### Your goal
Nothing except the pictures should be left out when you reproduce the listing exactly.

+ + + + +

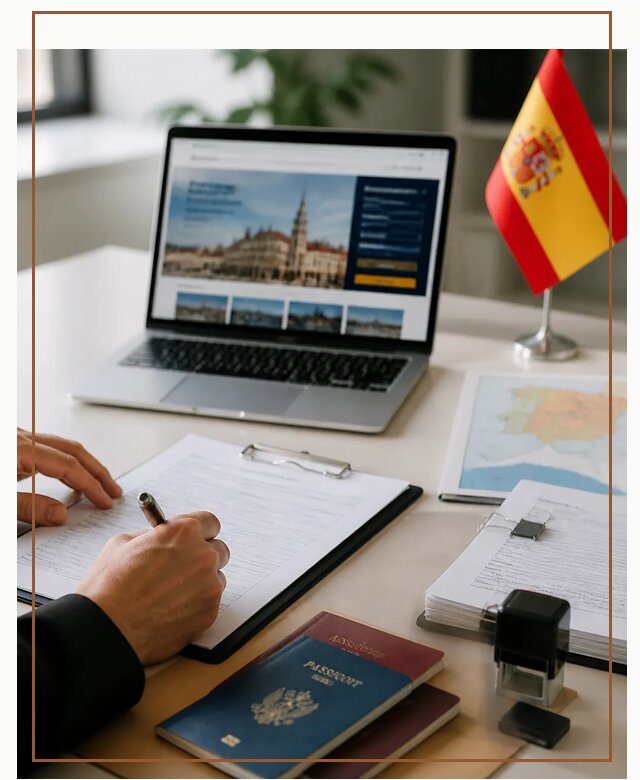 Startup Visa Испании и ВНЖ для стартапа от 66313 р. | Гиперактив-Ктм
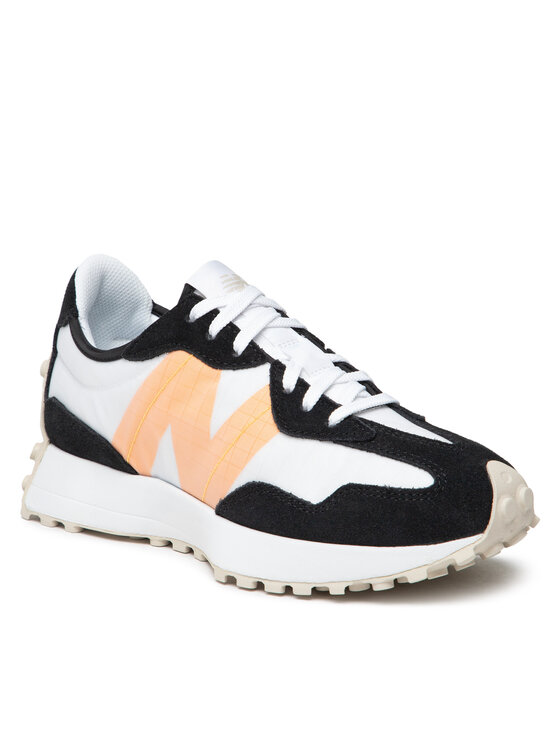 

Кроссовки MS327SO New Balance Черный 40 EU, MS327SO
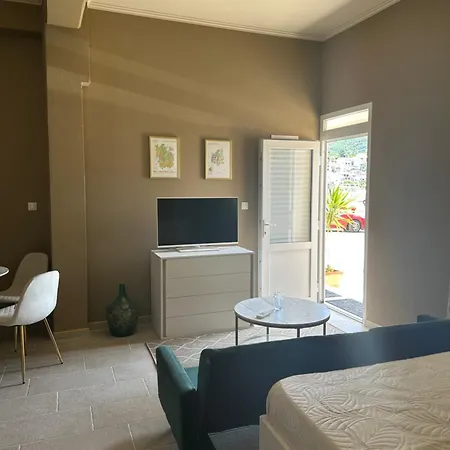 Apartmán Leo Side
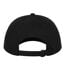 Casquette De Baseball Motif/style Aigle Tonal Noir Lyle & Scott-2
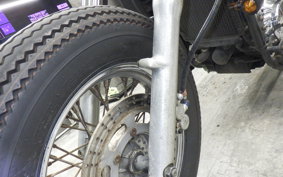 KAWASAKI VULCAN 400 CLASSIC 1996 VN400A
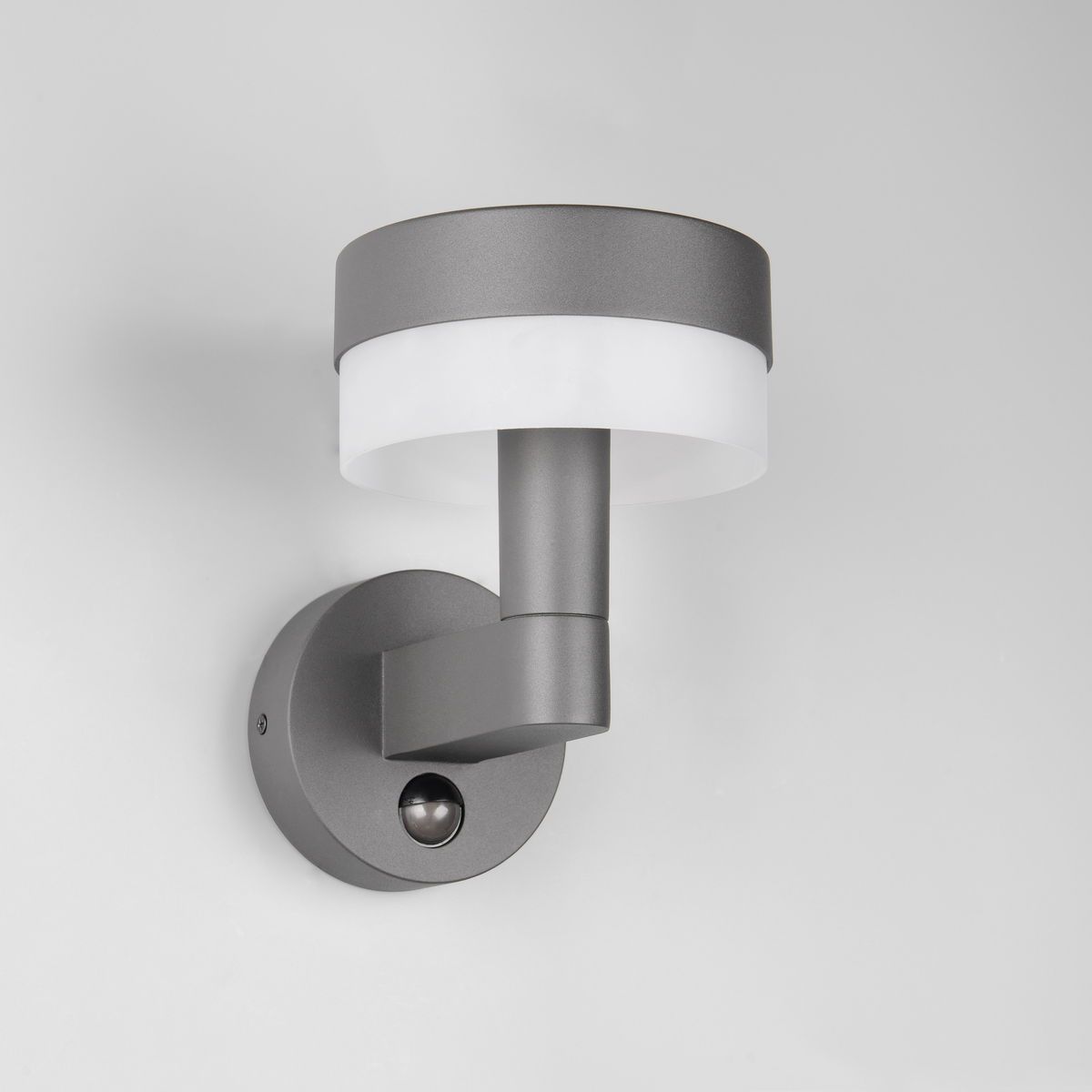 Lampade: LED Aussen Wandleuchte, IP54, 23 cm Höhe – Nuovo (secondo la descrizione) da Kreuzlingen venduto da Smart-Light 4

+ + + + +

### Answer
 Startup Visa Испании и ВНЖ для стартапа от 66313 р. | Гиперактив-Ктм

Кроссовки MS327SO New Balance Черный 40 EU, MS327SO
 Apartmán Leo Side
 Casquette De Baseball Motif/style Aigle Tonal Noir Lyle & Scott-2
 KAWASAKI VULCAN 400 CLASSIC 1996 VN400A
 Lampade: LED Aussen Wandleuchte, IP54, 23 cm Höhe – Nuovo (secondo la descrizione) da Kreuzlingen venduto da Smart-Light 4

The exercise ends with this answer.